**TASK INSTRUCTIONS**. Repeat all entries exactly.

**DATASET EXCERPTS**.
--------------------

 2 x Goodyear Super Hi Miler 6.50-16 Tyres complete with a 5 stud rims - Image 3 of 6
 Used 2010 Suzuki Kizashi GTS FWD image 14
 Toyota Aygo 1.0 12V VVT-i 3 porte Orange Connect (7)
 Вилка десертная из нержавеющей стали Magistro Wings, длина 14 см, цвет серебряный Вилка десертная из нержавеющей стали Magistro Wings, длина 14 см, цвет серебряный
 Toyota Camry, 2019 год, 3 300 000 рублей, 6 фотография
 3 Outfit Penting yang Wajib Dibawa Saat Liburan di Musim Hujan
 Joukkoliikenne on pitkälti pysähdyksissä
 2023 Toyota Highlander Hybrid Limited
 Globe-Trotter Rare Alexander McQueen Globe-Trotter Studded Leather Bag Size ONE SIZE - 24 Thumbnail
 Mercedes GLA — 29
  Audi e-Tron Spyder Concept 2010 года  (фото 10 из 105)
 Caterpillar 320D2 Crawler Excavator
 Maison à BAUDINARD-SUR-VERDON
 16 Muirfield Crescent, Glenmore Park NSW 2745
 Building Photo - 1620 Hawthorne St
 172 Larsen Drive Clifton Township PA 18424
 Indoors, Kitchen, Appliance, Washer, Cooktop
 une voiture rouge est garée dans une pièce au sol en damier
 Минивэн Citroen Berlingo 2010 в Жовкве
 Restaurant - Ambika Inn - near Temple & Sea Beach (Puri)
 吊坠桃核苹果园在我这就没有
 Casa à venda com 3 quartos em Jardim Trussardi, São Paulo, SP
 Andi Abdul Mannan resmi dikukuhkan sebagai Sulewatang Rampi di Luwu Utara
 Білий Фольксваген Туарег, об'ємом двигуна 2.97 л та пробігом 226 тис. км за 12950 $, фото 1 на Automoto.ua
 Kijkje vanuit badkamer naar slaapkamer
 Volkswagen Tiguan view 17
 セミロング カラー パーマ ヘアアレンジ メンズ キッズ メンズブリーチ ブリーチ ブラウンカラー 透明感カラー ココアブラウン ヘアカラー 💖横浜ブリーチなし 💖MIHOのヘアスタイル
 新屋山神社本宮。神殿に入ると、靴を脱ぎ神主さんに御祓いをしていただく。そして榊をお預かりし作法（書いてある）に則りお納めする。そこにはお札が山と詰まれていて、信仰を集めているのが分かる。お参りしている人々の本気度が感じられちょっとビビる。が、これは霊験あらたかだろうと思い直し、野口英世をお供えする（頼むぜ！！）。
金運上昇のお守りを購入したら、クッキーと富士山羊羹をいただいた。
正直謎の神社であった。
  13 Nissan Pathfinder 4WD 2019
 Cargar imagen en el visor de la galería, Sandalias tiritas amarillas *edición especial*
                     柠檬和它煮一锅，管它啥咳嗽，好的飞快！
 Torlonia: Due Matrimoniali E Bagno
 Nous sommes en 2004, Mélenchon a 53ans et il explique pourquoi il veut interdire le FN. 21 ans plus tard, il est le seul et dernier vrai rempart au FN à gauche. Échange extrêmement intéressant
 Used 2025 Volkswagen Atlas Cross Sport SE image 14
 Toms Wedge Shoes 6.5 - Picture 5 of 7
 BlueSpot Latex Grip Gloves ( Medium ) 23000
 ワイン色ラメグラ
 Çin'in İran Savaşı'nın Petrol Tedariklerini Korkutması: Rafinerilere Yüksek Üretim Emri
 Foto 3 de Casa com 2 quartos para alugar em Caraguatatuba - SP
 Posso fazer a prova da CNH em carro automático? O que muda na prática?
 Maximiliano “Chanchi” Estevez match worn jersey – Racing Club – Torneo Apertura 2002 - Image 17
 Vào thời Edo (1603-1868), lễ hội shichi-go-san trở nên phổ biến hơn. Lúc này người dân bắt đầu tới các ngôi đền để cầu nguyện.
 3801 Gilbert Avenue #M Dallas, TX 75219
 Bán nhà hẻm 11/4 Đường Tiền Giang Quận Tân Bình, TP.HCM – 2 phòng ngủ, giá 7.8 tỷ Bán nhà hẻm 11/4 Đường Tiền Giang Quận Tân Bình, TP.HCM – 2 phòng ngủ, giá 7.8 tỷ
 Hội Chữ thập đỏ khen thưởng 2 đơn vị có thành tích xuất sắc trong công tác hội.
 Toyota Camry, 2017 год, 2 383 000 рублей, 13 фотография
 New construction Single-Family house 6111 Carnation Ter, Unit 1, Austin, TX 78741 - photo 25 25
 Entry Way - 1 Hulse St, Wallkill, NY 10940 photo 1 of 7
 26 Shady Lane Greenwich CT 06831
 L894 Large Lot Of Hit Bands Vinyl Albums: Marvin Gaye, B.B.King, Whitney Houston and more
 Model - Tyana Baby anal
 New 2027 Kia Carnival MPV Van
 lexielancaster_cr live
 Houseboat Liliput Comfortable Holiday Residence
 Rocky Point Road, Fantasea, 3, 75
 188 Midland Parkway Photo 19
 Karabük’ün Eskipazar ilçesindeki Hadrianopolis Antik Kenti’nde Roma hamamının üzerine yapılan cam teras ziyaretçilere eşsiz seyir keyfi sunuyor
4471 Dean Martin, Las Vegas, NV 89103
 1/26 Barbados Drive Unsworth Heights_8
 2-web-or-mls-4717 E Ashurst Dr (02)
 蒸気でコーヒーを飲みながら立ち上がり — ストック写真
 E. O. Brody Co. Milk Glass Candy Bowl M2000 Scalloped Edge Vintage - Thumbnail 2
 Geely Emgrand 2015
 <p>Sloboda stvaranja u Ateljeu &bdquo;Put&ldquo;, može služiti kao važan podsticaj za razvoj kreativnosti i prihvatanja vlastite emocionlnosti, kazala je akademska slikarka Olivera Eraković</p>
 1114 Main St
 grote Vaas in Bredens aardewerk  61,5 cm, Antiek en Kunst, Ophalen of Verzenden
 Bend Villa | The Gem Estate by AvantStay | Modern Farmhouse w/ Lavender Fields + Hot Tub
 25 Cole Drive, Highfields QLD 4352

--------------------

**ANSWER TO THIS TASK**.
 2 x Goodyear Super Hi Miler 6.50-16 Tyres complete with a 5 stud rims - Image 3 of 6
 Used 2010 Suzuki Kizashi GTS FWD image 14
 Toyota Aygo 1.0 12V VVT-i 3 porte Orange Connect (7)
 Вилка десертная из нержавеющей стали Magistro Wings, длина 14 см, цвет серебряный Вилка десертная из нержавеющей стали Magistro Wings, длина 14 см, цвет серебряный
 Toyota Camry, 2019 год, 3 300 000 рублей, 6 фотография
 3 Outfit Penting yang Wajib Dibawa Saat Liburan di Musim Hujan
 Joukkoliikenne on pitkälti pysähdyksissä
 2023 Toyota Highlander Hybrid Limited
 Globe-Trotter Rare Alexander McQueen Globe-Trotter Studded Leather Bag Size ONE SIZE - 24 Thumbnail
 Mercedes GLA — 29
  Audi e-Tron Spyder Concept 2010 года  (фото 10 из 105)
 Caterpillar 320D2 Crawler Excavator
 Maison à BAUDINARD-SUR-VERDON
 16 Muirfield Crescent, Glenmore Park NSW 2745
 Building Photo - 1620 Hawthorne St
 172 Larsen Drive Clifton Township PA 18424
 Indoors, Kitchen, Appliance, Washer, Cooktop
 une voiture rouge est garée dans une pièce au sol en damier
 Минивэн Citroen Berlingo 2010 в Жовкве
 Restaurant - Ambika Inn - near Temple & Sea Beach (Puri)
 吊坠桃核苹果园在我这就没有
 Casa à venda com 3 quartos em Jardim Trussardi, São Paulo, SP
 Andi Abdul Mannan resmi dikukuhkan sebagai Sulewatang Rampi di Luwu Utara
 Білий Фольксваген Туарег, об'ємом двигуна 2.97 л та пробігом 226 тис. км за 12950 $, фото 1 на Automoto.ua
 Kijkje vanuit badkamer naar slaapkamer
 Volkswagen Tiguan view 17
 セミロング カラー パーマ ヘアアレンジ メンズ キッズ メンズブリーチ ブリーチ ブラウンカラー 透明感カラー ココアブラウン ヘアカラー 💖横浜ブリーチなし 💖MIHOのヘアスタイル
 新屋山神社本宮。神殿に入ると、靴を脱ぎ神主さんに御祓いをしていただく。そして榊をお預かりし作法（書いてある）に則りお納めする。そこにはお札が山と詰まれていて、信仰を集めているのが分かる。お参りしている人々の本気度が感じられちょっとビビる。が、これは霊験あらたかだろうと思い直し、野口英世をお供えする（頼むぜ！！）。
金運上昇のお守りを購入したら、クッキーと富士山羊羹をいただいた。
正直謎の神社であった。
  13 Nissan Pathfinder 4WD 2019
 Cargar imagen en el visor de la galería, Sandalias tiritas amarillas *edición especial*
                     柠檬和它煮一锅，管它啥咳嗽，好的飞快！
 Torlonia: Due Matrimoniali E Bagno
 Nous sommes en 2004, Mélenchon a 53ans et il explique pourquoi il veut interdire le FN. 21 ans plus tard, il est le seul et dernier vrai rempart au FN à gauche. Échange extrêmement intéressant
 Used 2025 Volkswagen Atlas Cross Sport SE image 14
 Toms Wedge Shoes 6.5 - Picture 5 of 7
 BlueSpot Latex Grip Gloves ( Medium ) 23000
 ワイン色ラメグラ
 Çin'in İran Savaşı'nın Petrol Tedariklerini Korkutması: Rafinerilere Yüksek Üretim Emri
 Foto 3 de Casa com 2 quartos para alugar em Caraguatatuba - SP
 Posso fazer a prova da CNH em carro automático? O que muda na prática?
 Maximiliano “Chanchi” Estevez match worn jersey – Racing Club – Torneo Apertura 2002 - Image 17
 Vào thời Edo (1603-1868), lễ hội shichi-go-san trở nên phổ biến hơn. Lúc này người dân bắt đầu tới các ngôi đền để cầu nguyện.
 3801 Gilbert Avenue #M Dallas, TX 75219
 Bán nhà hẻm 11/4 Đường Tiền Giang Quận Tân Bình, TP.HCM – 2 phòng ngủ, giá 7.8 tỷ Bán nhà hẻm 11/4 Đường Tiền Giang Quận Tân Bình, TP.HCM – 2 phòng ngủ, giá 7.8 tỷ
 Hội Chữ thập đỏ khen thưởng 2 đơn vị có thành tích xuất sắc trong công tác hội.
 Toyota Camry, 2017 год, 2 383 000 рублей, 13 фотография
 New construction Single-Family house 6111 Carnation Ter, Unit 1, Austin, TX 78741 - photo 25 25
 Entry Way - 1 Hulse St, Wallkill, NY 10940 photo 1 of 7
 26 Shady Lane Greenwich CT 06831
 L894 Large Lot Of Hit Bands Vinyl Albums: Marvin Gaye, B.B.King, Whitney Houston and more
 Model - Tyana Baby anal
 New 2027 Kia Carnival MPV Van
 lexielancaster_cr live
 Houseboat Liliput Comfortable Holiday Residence
 Rocky Point Road, Fantasea, 3, 75
 188 Midland Parkway Photo 19
 Karabük’ün Eskipazar ilçesindeki Hadrianopolis Antik Kenti’nde Roma hamamının üzerine yapılan cam teras ziyaretçilere eşsiz seyir keyfi sunuyor
4471 Dean Martin, Las Vegas, NV 89103
 1/26 Barbados Drive Unsworth Heights_8
 2-web-or-mls-4717 E Ashurst Dr (02)
 蒸気でコーヒーを飲みながら立ち上がり — ストック写真
 E. O. Brody Co. Milk Glass Candy Bowl M2000 Scalloped Edge Vintage - Thumbnail 2
 Geely Emgrand 2015
 <p>Sloboda stvaranja u Ateljeu &bdquo;Put&ldquo;, može služiti kao važan podsticaj za razvoj kreativnosti i prihvatanja vlastite emocionlnosti, kazala je akademska slikarka Olivera Eraković</p>
 1114 Main St
 grote Vaas in Bredens aardewerk  61,5 cm, Antiek en Kunst, Ophalen of Verzenden
 Bend Villa | The Gem Estate by AvantStay | Modern Farmhouse w/ Lavender Fields + Hot Tub
 25 Cole Drive, Highfields QLD 4352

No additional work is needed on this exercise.